- Collected data:
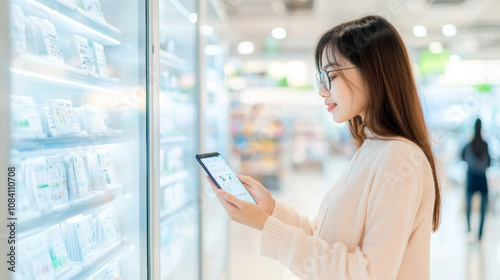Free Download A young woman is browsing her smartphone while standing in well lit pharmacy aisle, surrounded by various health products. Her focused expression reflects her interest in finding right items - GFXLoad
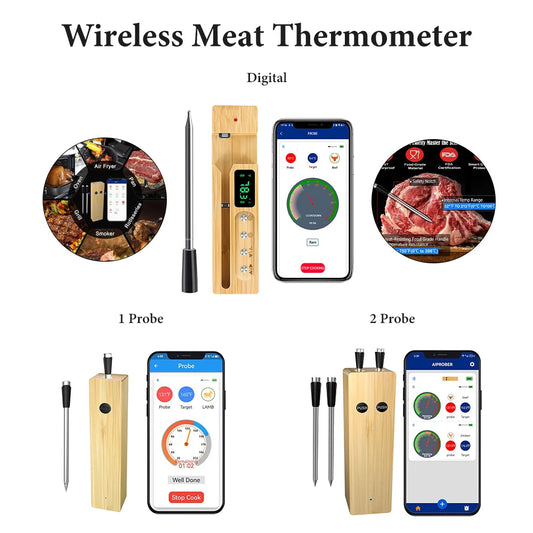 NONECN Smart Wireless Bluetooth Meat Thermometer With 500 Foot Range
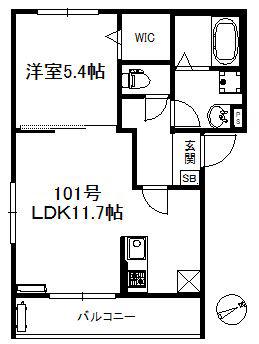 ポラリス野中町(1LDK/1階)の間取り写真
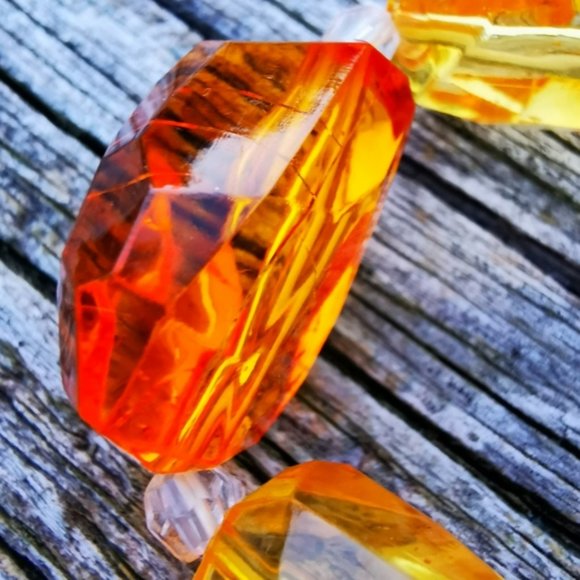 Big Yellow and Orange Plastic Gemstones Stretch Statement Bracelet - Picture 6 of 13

- What is expected: Would you output the full listing exactly as it stands, minus the images?

- Output:
Free Download A young woman is browsing her smartphone while standing in well lit pharmacy aisle, surrounded by various health products. Her focused expression reflects her interest in finding right items - GFXLoad
 NONECN Smart Wireless Bluetooth Meat Thermometer With 500 Foot Range
 ポラリス野中町(1LDK/1階)の間取り写真
 Big Yellow and Orange Plastic Gemstones Stretch Statement Bracelet - Picture 6 of 13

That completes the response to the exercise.